--- DATA SECTION ---
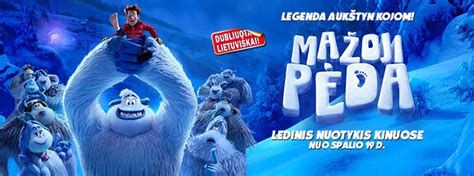 Mažoji pėda (dubliuotas) | Forum Cinemas
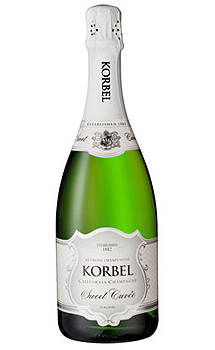 KORBEL SWEET CUVEE CHAMPAGNE - 750M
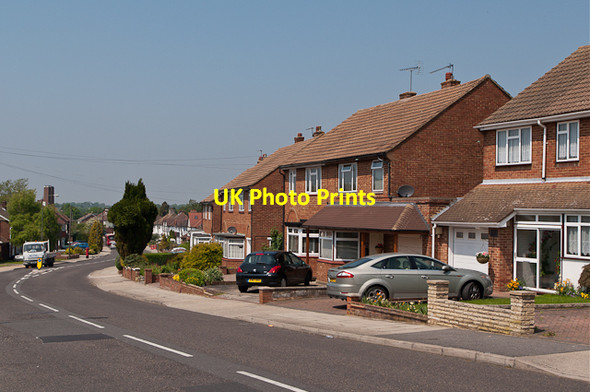 Photo 6"x4" Avalon Road Orpington c2012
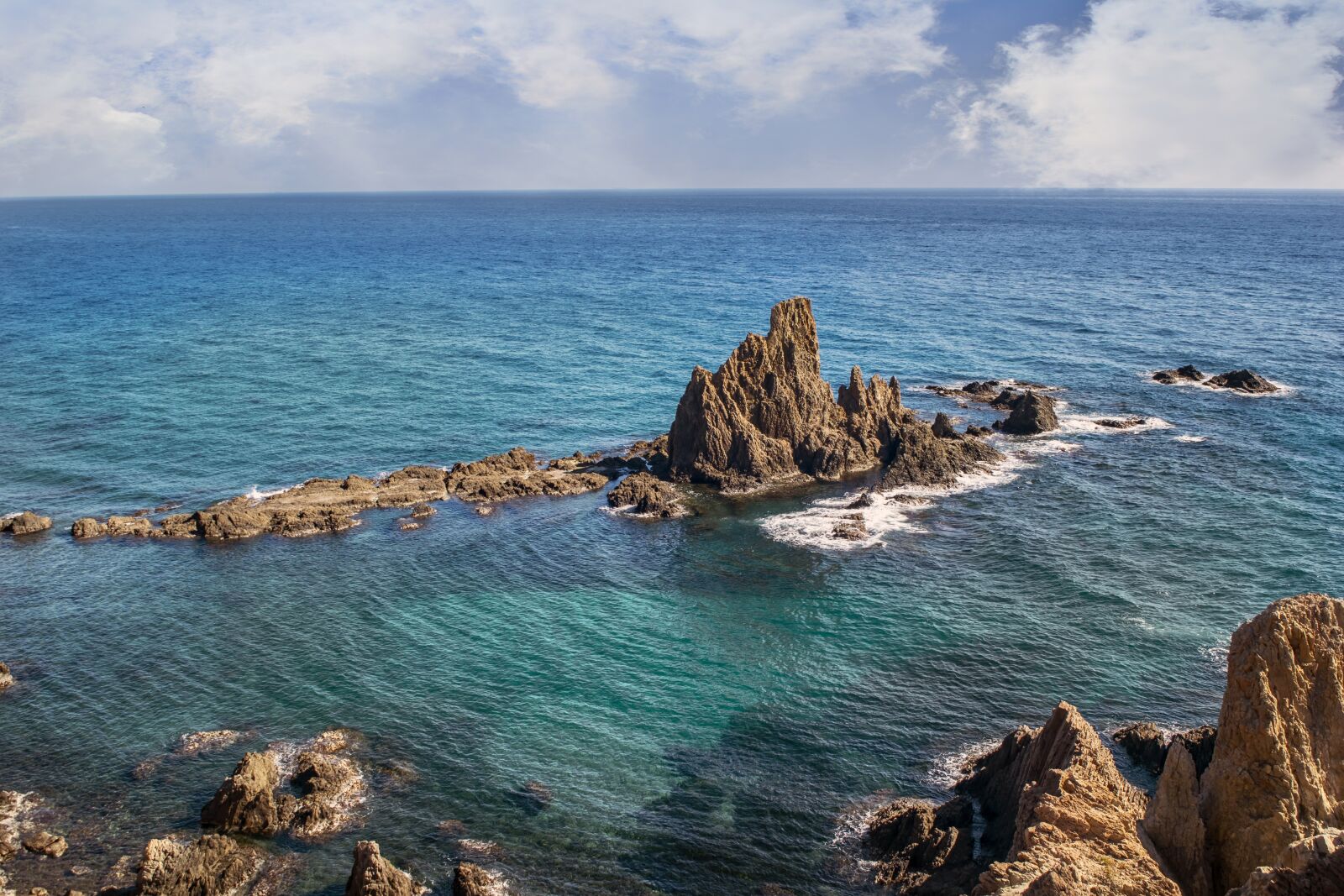 Nikon D3300 sample photo. Sea, reef, blue photography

--- TASK DIRECTIONS ---
A word-for-word copy of the listing is needed, with no pictures in it.

--- EXERCISE ANSWER ---
 Mažoji pėda (dubliuotas) | Forum Cinemas
 KORBEL SWEET CUVEE CHAMPAGNE - 750M
 Photo 6"x4" Avalon Road Orpington c2012
 Nikon D3300 sample photo. Sea, reef, blue photography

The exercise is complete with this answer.